Its roughly $300,000 budget and authority for two employees come directly from the Legislature. Walker proposed changing that in the 2017-19 budget he submitted this month to lawmakers.
The nine-member Judicial Commission voted unanimously on Feb. 15 to oppose the change. Five of the commission’s members were appointed by Walker. The other four were appointed by the state Supreme Court.
“The proposed budget degrades the independence of the Judicial Commission by transferring the budgeting and position authority over the Commission from the legislature to the Supreme Court,” commission executive director Jeremiah Van Hecke said in a Feb. 20 letter to the director of the state court system.
The governor’s budget proposal doesn’t claim the move would save money, but he said it would create “administrative efficiencies.” Van Hecke said it wouldn’t create any such efficiencies.
Walker spokesman Tom Evenson said Friday the change would make more resources available to the commission, but he didn’t respond when asked for examples. Evenson said the commission’s independence would be protected because its responsibilities are defined in state law.

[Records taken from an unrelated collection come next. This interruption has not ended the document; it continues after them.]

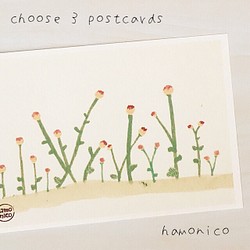 26-b 菊のつぼみ（まっすぐに）・3枚選べるpostcard 1枚目の画像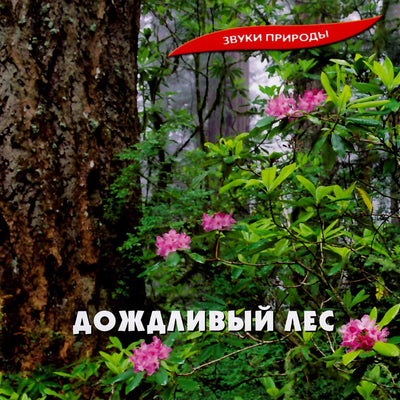 Звуки природы / Дождливый лес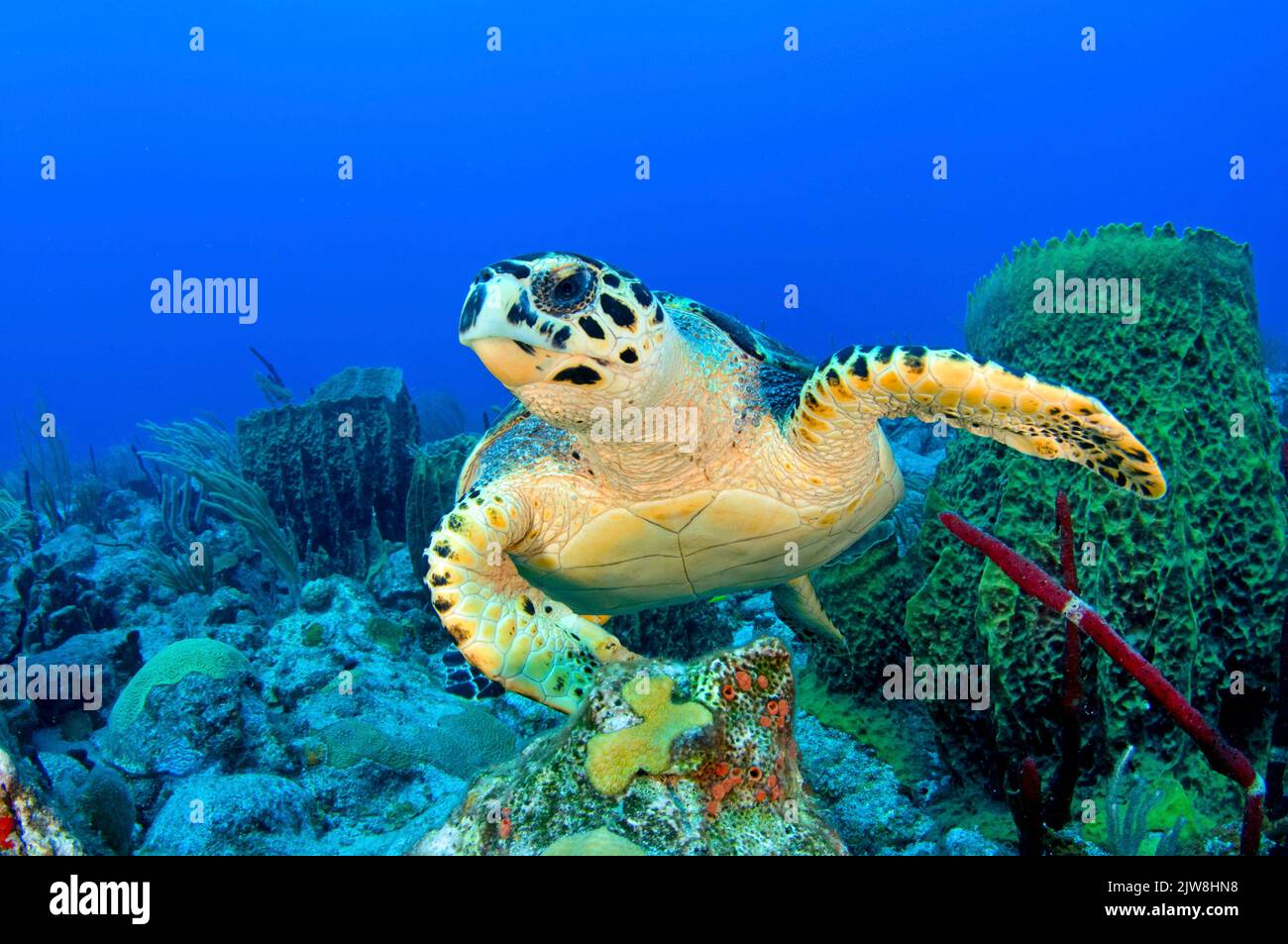 Tortuga carey (Eretmochelys imbricata) en un arrecife de coral caribeño, Statia, St. Eustatius, Caribe. Foto de stock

“The (commission) budget request would be made by the Supreme Court, but as I said, the budget is still set by the governor and the legislature,” Evenson wrote in an email.
But critics said change would raise questions about whether the commission was truly independent of the Supreme Court, and whether the court’s administration of the commission was being handled in an unbiased way.

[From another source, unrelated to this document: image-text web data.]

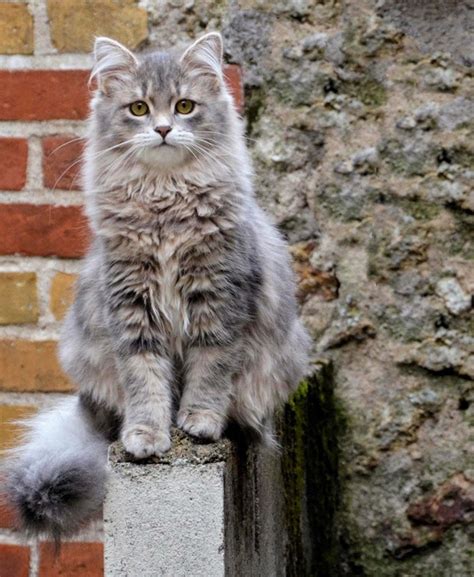 Siberian Cat Info, Personality, Kittens, Pictures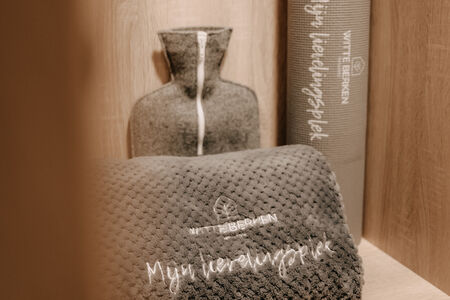 Hotelkamer Witte Berken Natuurhotel Yoga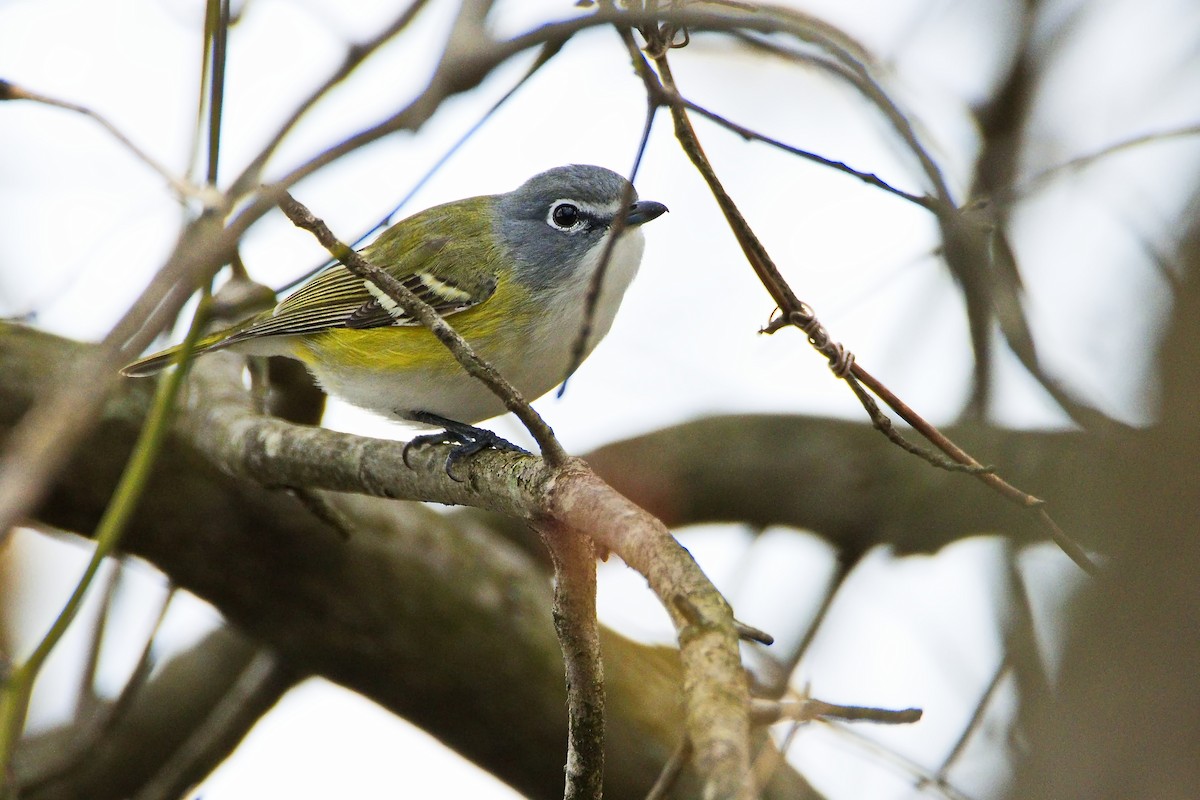 Vireo Solitario - ML440619351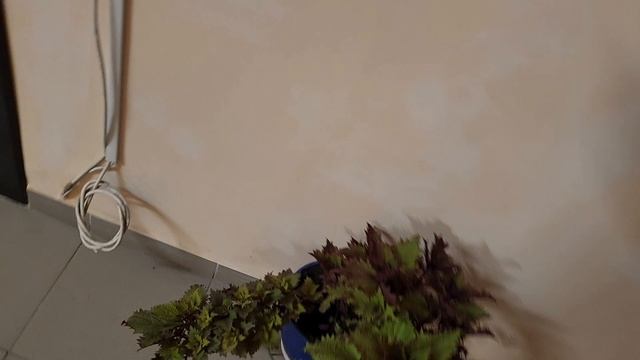 Зимняя оранжерея на лестничной площадке в жилом комплексе в Белгороде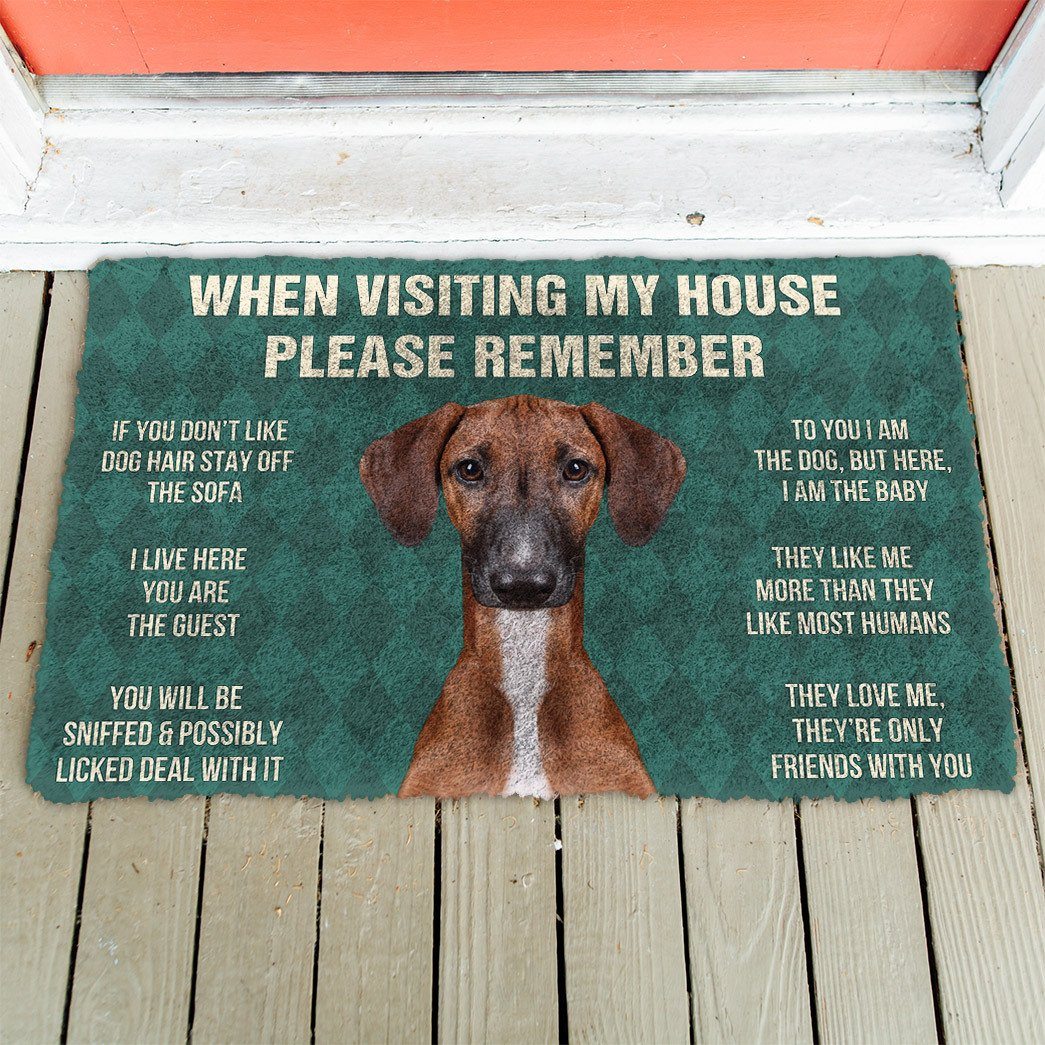 Noodever  3D Please Remember Azawakh Dogs House Rules Doormat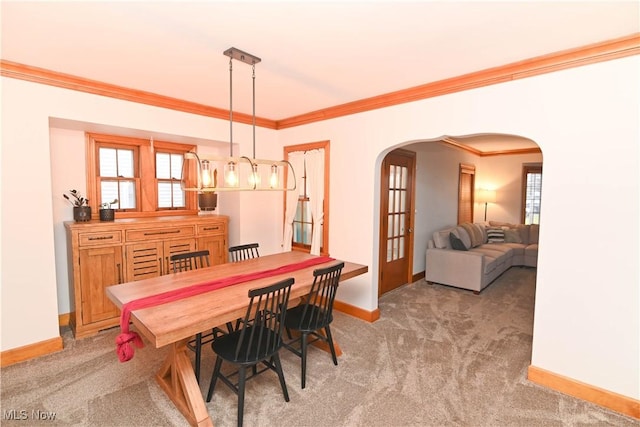 dining area with crown molding, carpet floors, and a healthy amount of sunlight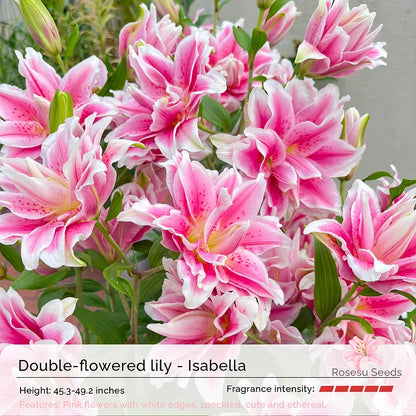 Double-Flowered Perfume Lily Bulbs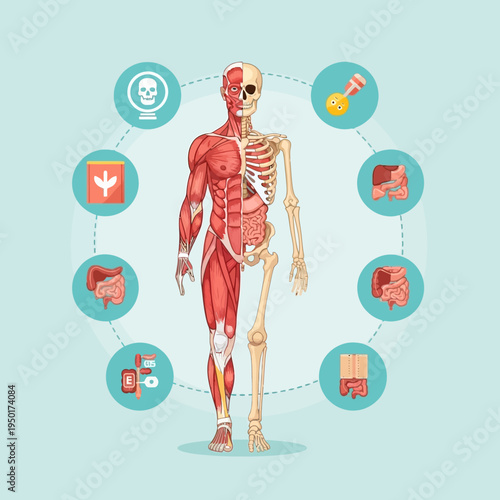 Human Anatomy: Muscular and Skeletal Systems with Internal Organs and Medical Icons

Van Hecke said public confidence in the courts would be undermined by the appearance of impropriety and the creation of conflicts of interest for the commission and the court.
The Judicial Commission considers 400 to 500 complaints against state and municipal judges and court commissioners each year. If the commission investigates and finds probable cause of misconduct, it can issue a warning or caution to the judge, or it can seek disciplinary action before a three-judge panel. The Supreme Court ultimately decides whether or not to reprimand, censure, suspend or remove a judge from office.

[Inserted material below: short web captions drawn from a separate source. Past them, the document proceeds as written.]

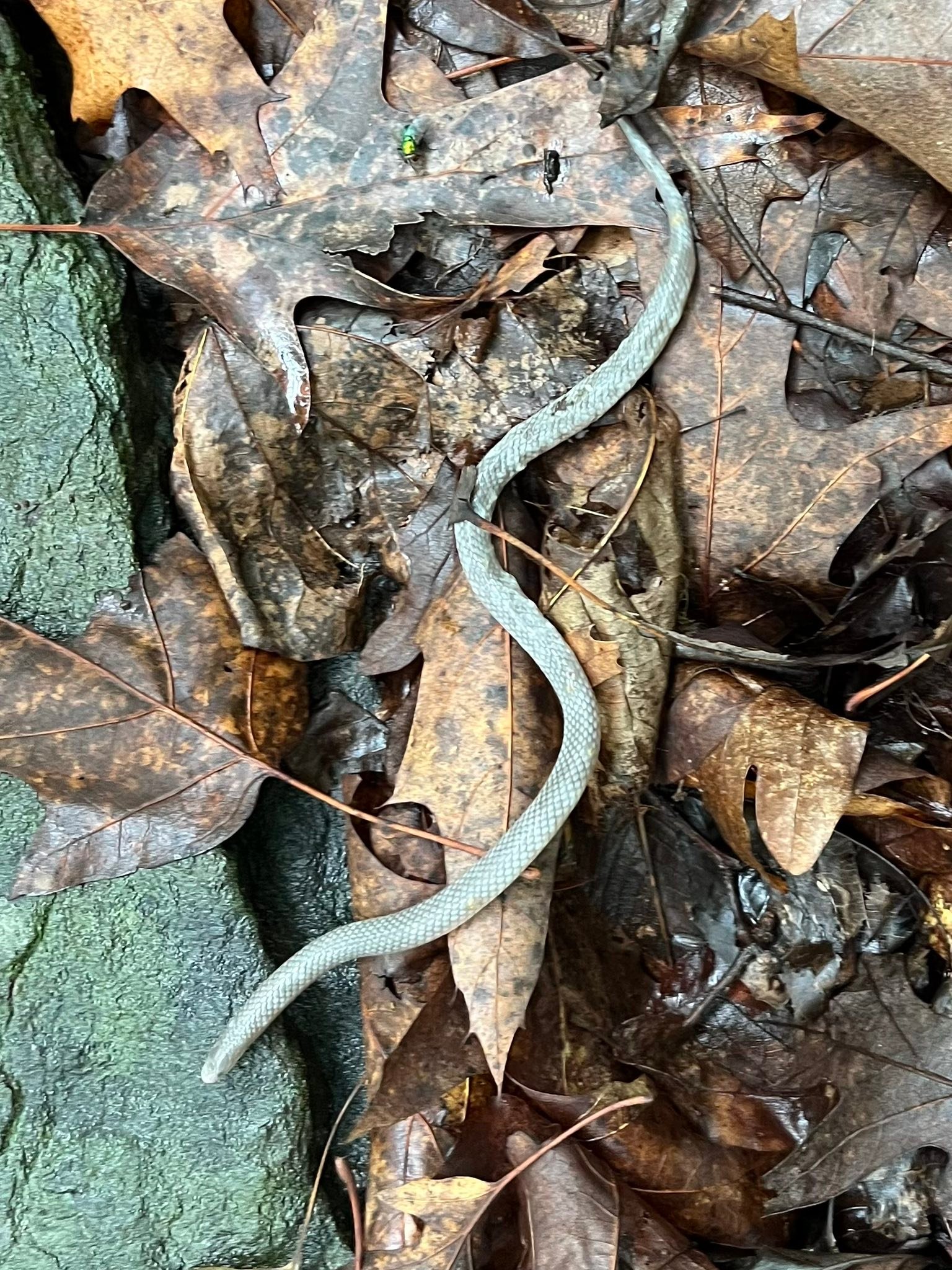Snake Identification | Dacula, Georgia, USA | Facebook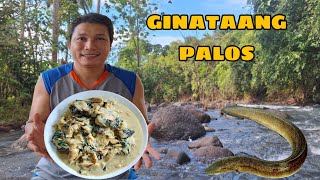 NAGLUTO SI MOMMY NG GINATAANG PALOS PARA SA PANANGHALIAN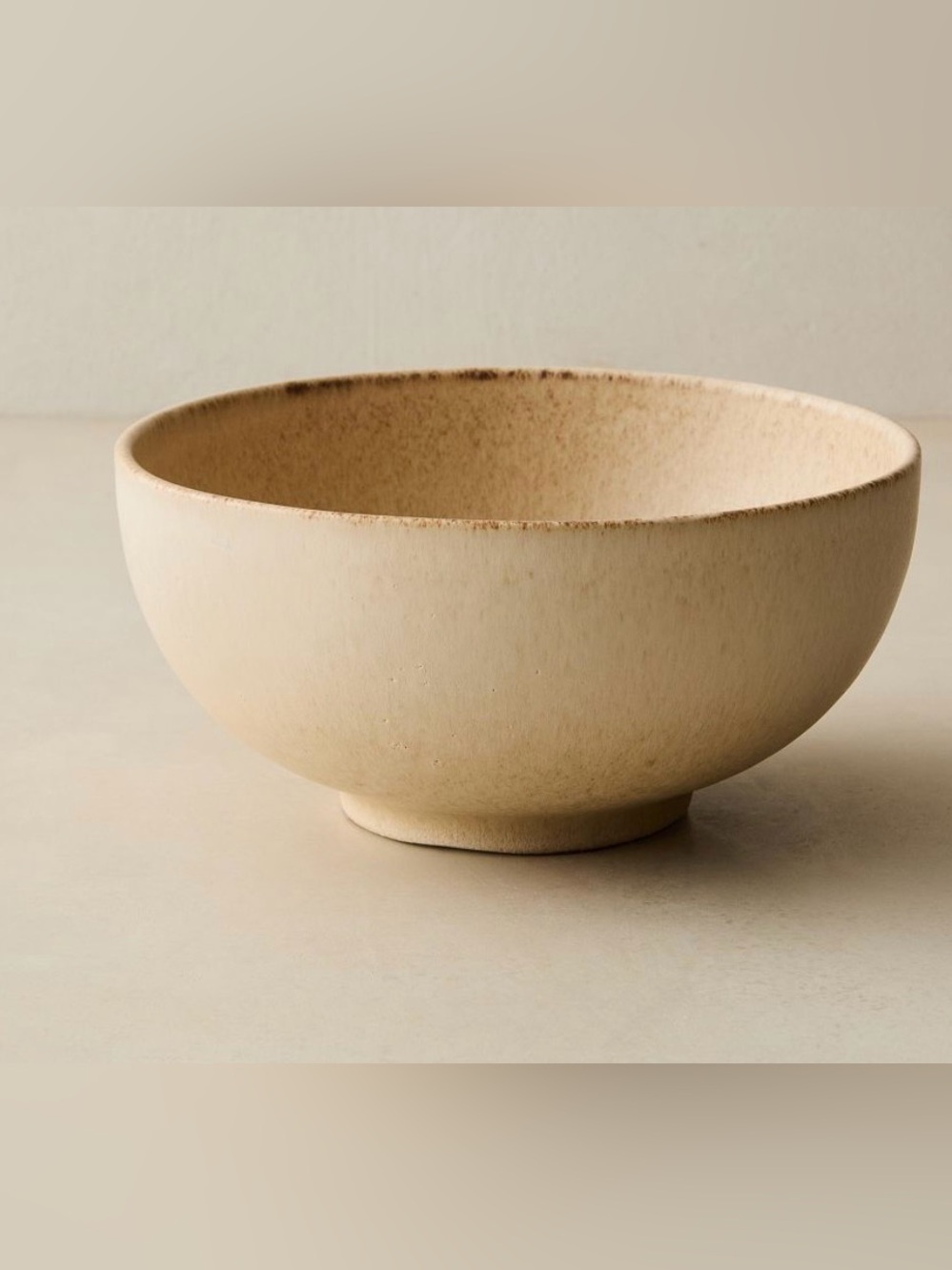 West Elm Kanto Stoneware Ramen Bowl Sets of Two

In the past 10 years, the Judicial Commission has alleged misconduct against three Supreme Court justices. The court approved disciplinary action in only one of the cases.
- In 2007 the court reprimanded newly elected Justice Annette Ziegler for “serious and significant” misconduct because she failed to avoid conflicts of interest when she was a Washington County circuit judge. Ziegler presided over nearly a dozen cases involving West Bend Savings Bank when her husband was a bank board member.
- In 2010 the court deadlocked 3-3 on whether Justice Michael Gableman violated the judicial code of conduct by running a potentially misleading and race-baiting campaign ad on his way to being elected in 2008. Gableman recused himself. The other three conservative justices said the ad was distasteful, but “objectively true” and protected by the First Amendment.
- In 2012 the court never acted on allegations that Justice David Prosser placed his hands on the neck of Justice Ann Walsh Bradley during a heated argument. Six of the seven justices were present when the incident occurred, and Prosser formally called on them to recuse themselves because they were witnesses. Prosser’s three conservative allies on the court joined him in withdrawing, and the court couldn’t act without a quorum of four justices participating.
Walker’s spokesman said the disciplinary cases brought against the three justices played no role in his decision to propose the change for the Judicial Commission.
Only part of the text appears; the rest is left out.